• [WHAT YOU HAVE TO DO]: Print the records below verbatim.

• [DATA FOR PROCESSING]:
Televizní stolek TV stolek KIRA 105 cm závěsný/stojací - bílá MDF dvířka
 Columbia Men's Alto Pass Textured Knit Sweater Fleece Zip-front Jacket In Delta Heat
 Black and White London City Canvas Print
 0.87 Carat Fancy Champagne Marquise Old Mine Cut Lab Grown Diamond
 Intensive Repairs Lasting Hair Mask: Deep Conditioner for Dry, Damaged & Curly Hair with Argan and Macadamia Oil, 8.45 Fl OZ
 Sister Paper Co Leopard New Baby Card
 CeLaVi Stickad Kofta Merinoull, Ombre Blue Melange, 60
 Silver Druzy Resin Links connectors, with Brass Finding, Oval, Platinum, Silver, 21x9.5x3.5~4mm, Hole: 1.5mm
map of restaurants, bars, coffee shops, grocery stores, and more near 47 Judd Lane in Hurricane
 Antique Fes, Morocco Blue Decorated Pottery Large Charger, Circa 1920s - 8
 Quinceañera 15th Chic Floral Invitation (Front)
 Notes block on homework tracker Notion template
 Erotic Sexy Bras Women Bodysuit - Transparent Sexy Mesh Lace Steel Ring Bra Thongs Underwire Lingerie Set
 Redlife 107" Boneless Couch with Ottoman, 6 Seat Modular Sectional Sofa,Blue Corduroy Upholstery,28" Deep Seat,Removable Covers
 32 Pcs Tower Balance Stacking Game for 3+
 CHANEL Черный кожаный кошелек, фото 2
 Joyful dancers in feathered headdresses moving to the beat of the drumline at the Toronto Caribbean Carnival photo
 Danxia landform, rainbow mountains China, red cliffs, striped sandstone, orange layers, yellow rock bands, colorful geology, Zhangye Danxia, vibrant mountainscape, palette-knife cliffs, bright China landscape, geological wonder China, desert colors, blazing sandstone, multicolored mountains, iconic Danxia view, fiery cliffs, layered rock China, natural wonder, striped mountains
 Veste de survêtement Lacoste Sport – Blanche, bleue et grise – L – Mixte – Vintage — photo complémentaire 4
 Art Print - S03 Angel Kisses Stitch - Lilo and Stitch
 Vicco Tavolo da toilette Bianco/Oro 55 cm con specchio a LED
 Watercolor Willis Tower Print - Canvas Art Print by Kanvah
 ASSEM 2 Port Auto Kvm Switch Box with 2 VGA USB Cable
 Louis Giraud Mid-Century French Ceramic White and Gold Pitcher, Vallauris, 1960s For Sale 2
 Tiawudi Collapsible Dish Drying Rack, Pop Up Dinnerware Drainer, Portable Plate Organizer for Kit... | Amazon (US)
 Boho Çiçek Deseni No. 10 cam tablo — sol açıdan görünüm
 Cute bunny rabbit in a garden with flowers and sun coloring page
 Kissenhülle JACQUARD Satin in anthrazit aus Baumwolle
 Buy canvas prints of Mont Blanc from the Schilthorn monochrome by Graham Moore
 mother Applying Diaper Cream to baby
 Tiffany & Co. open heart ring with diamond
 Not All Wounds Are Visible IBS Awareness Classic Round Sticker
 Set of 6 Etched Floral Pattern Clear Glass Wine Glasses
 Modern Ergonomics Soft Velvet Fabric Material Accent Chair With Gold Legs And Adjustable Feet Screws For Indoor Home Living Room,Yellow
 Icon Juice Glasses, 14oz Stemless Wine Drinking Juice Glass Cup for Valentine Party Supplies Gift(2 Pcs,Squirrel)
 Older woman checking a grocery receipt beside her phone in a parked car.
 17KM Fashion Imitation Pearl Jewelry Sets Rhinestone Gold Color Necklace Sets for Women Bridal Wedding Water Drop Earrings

• [ANSWER TO THIS TASK]:
Televizní stolek TV stolek KIRA 105 cm závěsný/stojací - bílá MDF dvířka
 Columbia Men's Alto Pass Textured Knit Sweater Fleece Zip-front Jacket In Delta Heat
 Black and White London City Canvas Print
 0.87 Carat Fancy Champagne Marquise Old Mine Cut Lab Grown Diamond
 Intensive Repairs Lasting Hair Mask: Deep Conditioner for Dry, Damaged & Curly Hair with Argan and Macadamia Oil, 8.45 Fl OZ
 Sister Paper Co Leopard New Baby Card
 CeLaVi Stickad Kofta Merinoull, Ombre Blue Melange, 60
 Silver Druzy Resin Links connectors, with Brass Finding, Oval, Platinum, Silver, 21x9.5x3.5~4mm, Hole: 1.5mm
map of restaurants, bars, coffee shops, grocery stores, and more near 47 Judd Lane in Hurricane
 Antique Fes, Morocco Blue Decorated Pottery Large Charger, Circa 1920s - 8
 Quinceañera 15th Chic Floral Invitation (Front)
 Notes block on homework tracker Notion template
 Erotic Sexy Bras Women Bodysuit - Transparent Sexy Mesh Lace Steel Ring Bra Thongs Underwire Lingerie Set
 Redlife 107" Boneless Couch with Ottoman, 6 Seat Modular Sectional Sofa,Blue Corduroy Upholstery,28" Deep Seat,Removable Covers
 32 Pcs Tower Balance Stacking Game for 3+
 CHANEL Черный кожаный кошелек, фото 2
 Joyful dancers in feathered headdresses moving to the beat of the drumline at the Toronto Caribbean Carnival photo
 Danxia landform, rainbow mountains China, red cliffs, striped sandstone, orange layers, yellow rock bands, colorful geology, Zhangye Danxia, vibrant mountainscape, palette-knife cliffs, bright China landscape, geological wonder China, desert colors, blazing sandstone, multicolored mountains, iconic Danxia view, fiery cliffs, layered rock China, natural wonder, striped mountains
 Veste de survêtement Lacoste Sport – Blanche, bleue et grise – L – Mixte – Vintage — photo complémentaire 4
 Art Print - S03 Angel Kisses Stitch - Lilo and Stitch
 Vicco Tavolo da toilette Bianco/Oro 55 cm con specchio a LED
 Watercolor Willis Tower Print - Canvas Art Print by Kanvah
 ASSEM 2 Port Auto Kvm Switch Box with 2 VGA USB Cable
 Louis Giraud Mid-Century French Ceramic White and Gold Pitcher, Vallauris, 1960s For Sale 2
 Tiawudi Collapsible Dish Drying Rack, Pop Up Dinnerware Drainer, Portable Plate Organizer for Kit... | Amazon (US)
 Boho Çiçek Deseni No. 10 cam tablo — sol açıdan görünüm
 Cute bunny rabbit in a garden with flowers and sun coloring page
 Kissenhülle JACQUARD Satin in anthrazit aus Baumwolle
 Buy canvas prints of Mont Blanc from the Schilthorn monochrome by Graham Moore
 mother Applying Diaper Cream to baby
 Tiffany & Co. open heart ring with diamond
 Not All Wounds Are Visible IBS Awareness Classic Round Sticker
 Set of 6 Etched Floral Pattern Clear Glass Wine Glasses
 Modern Ergonomics Soft Velvet Fabric Material Accent Chair With Gold Legs And Adjustable Feet Screws For Indoor Home Living Room,Yellow
 Icon Juice Glasses, 14oz Stemless Wine Drinking Juice Glass Cup for Valentine Party Supplies Gift(2 Pcs,Squirrel)
 Older woman checking a grocery receipt beside her phone in a parked car.
 17KM Fashion Imitation Pearl Jewelry Sets Rhinestone Gold Color Necklace Sets for Women Bridal Wedding Water Drop Earrings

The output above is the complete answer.